Expansion works will be carried out on two of the city’s four reservoirs to expand local water supply capacity from seven to 12 days, announced Wong Soi Man, director of the Marine and Water Bureau (DSAMA), on the sidelines of a private event yesterday.
The reservoirs to be expanded are the Ka-Hó Reservoir and the Seac Pai Van Reservoir.
While the city has been heavily reliant on water supplied from the north side of the border, a local supply capacity that can last for seven days has been retained in case of emergencies.
With this capacity, the city can survive for a week thanks to the four reservoirs even if no water is supplied to Macau for some reason.

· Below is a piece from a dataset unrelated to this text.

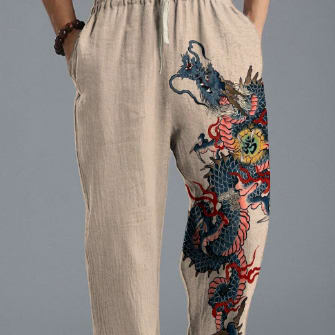 Men's Loose Casual Straight-leg 3D Printed High Waist Wide Leg Pants view 6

In light of continued economic development and population growth, the need to expand some of the city’s reservoirs has been on the table. The focus for expansion has been set on the two aforementioned reservoirs.
Once the proposed expansions are complete, the city’s water storage capacity will be increased from 1.9 million cubic meters to 3.12 million cubic meters, providing five extra days of local water supply.
However, water consumption continues to rise. Nacky Kuan, the executive director of Macao Water, said at the same event that the company has recorded a slight rise in water consumption amid the gradual economic uptrend.
Compared year on year, the city’s water consumption levels in the first 10 months have risen 1%. Commercial water consumption has gone up 8% due to the rise in tourist arrivals and resumption of commercial activities.
At the same time, residential water consumption has dropped a single percentage point. Kuan attributed this decrease to the extension of the validity period for SARS-CoV-2 nucleic acid tests for border-crossing purposes, which has seen residents more likely to travel across the border.
Despite the overall rise in water consumption in the first 10 months, the figure is still down 7% from consumption levels in 2019, which were the highest the city has ever seen.
Kuan also said that the company had learned lessons from the severe Typhoon Hato, which brought devastating floods to the city, cut off power supplies and eventually brought the city to a halt for days. Without electricity, water pumps could not operate and no water was supplied.
As a result, Kuan confirmed that the company has chosen a higher location for building the Seac Pai Van plant so as to avoid, as much as possible, the same situation happening again.
Macao Water opens new plant at Seac Pai Van
The Macao Water Supply Company Limited (Macao Water) yesterday opened a new raw water treatment plant in Seac Pai Van.
Construction of the plant commenced in mid-2018 and took 32 months.
According to Macao Water, the Seac Pai Van Water Treatment Plant is connected with the Fourth Raw Water Pipeline to Macau and the distribution network, forming a complete public water supply system for raw water, water production and water transmission.
The completion of the new plant in Coloane has also ended Macau’s reliance on unidirectional water supply from north to south, forming a dual core water supply layout for the peninsula and the islands area, effectively enhancing the capacity of the water supply system in case of emergencies.
Steve Clark, CEO of SUEZ Asia and chairman of the Macao Water board of directors, used a video speech to express his gratitude to the Macau SAR government, the general public and the community for their support and trust, which he said was integral to the success of SUEZ’s integration with Macau’s social development over the past 30 years.